Exercise: Would you print out all of the data exactly and keep the pictures out of it?

** Provided data follows **

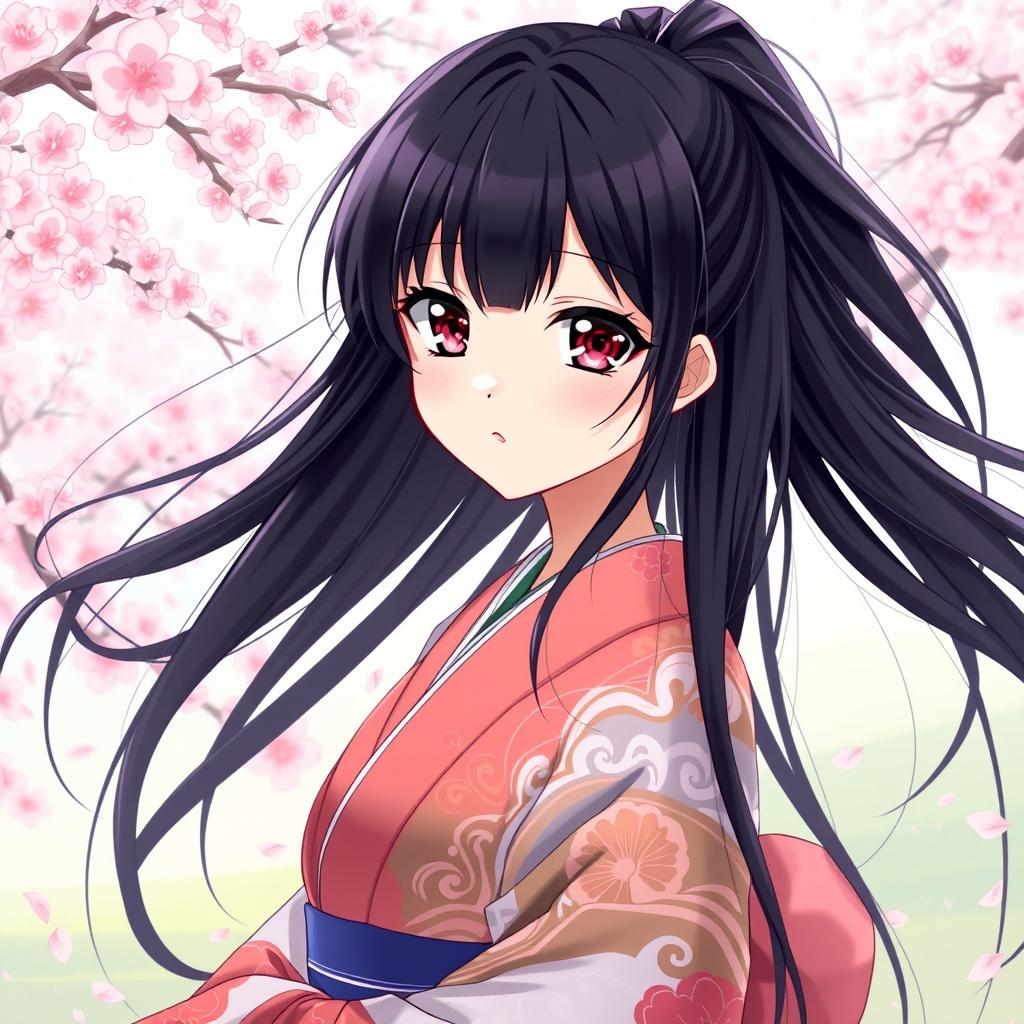 An anime girl with long, flowing black hair, sparkling dark eyes, and elegantly shaped black eyebrows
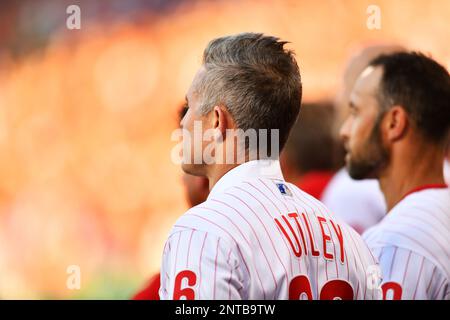 PHILADELPHIA, PA - JUNE 21: Rob McElhenney smiles after catching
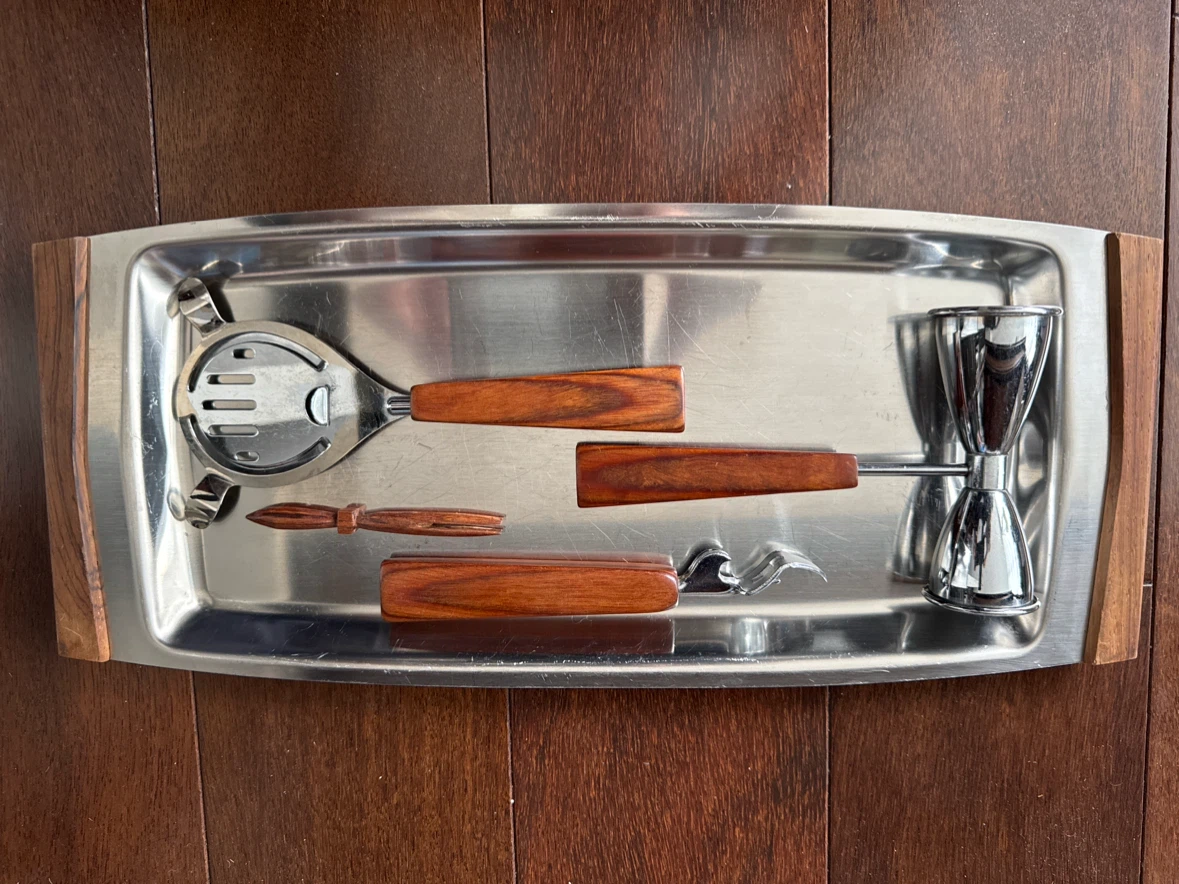 Vintage Stainless Steel Bar Tool Set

** End of Provided data **

Result for this exercise:
 An anime girl with long, flowing black hair, sparkling dark eyes, and elegantly shaped black eyebrows
 PHILADELPHIA, PA - JUNE 21: Rob McElhenney smiles after catching
 Vintage Stainless Steel Bar Tool Set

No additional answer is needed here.